There is a risk that a baby could develop a condition known as vitamin K deficiency bleeding (VKDB). The baby may bleed from its cord or nose or have unexplained bruising that if not treated could lead to impaired lifelong health or even to them dying. The treatment is an injection of Vitamin K.

In the UK it is recommended that all babies receive vitamin K at birth either by an injection or by oral drops. The Department Of Health (DOH 1998) recommends Vitamin K due to it being a very effective prevention of VKDF between 24 hours and 7 days old. Earlier or later bleeding is not protected by prophylactic vitamin K and more likely to be associated with an underlying medical condition.

That does not mean however that you have to consent to your baby having it. Just like many decisions you will have to make throughout your Childs life, it is your choice. 

The risk of your baby having this condition is approx 1:10,000. The recommendation that your baby has vitamin K is considering that the one baby who becomes ill or dies could be yours.

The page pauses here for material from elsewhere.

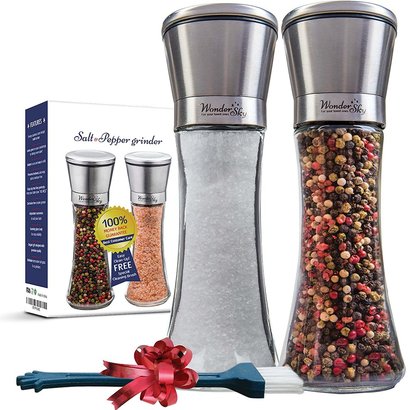 wonder sky salt and pepper shakers grinders set of 2 glass mills brushed stainless steel with utility brush for easy cleanup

However it is much more likely that your baby will be one of the 9,999. If that is the case he or she has received a substance it does not need into a stomach or body not designed for it and may also have been subjected to a painful injection. 

If you do not breast feed your baby it will receive vitamin K in the formula as it is added by the manufacturers. However if Vitamin K is indeed required in the newborn as an added extra, at present the correct dosage is unknown. There is also no current evidence relating to long term effects of over dosing.

We do not know why babies are born with low levels of Vitamin K. We need to consider if it is a failure of nature or a well intended design? There have been no follow ups of babies whose parents declined Vitamin K.Pregnant women can increase their levels of Vitamin K by eating food such as spinach, lettuce, cabbage broccoli, cereals, dairy products, eggs, kiwi fruits, bananas, avocado and soybeans.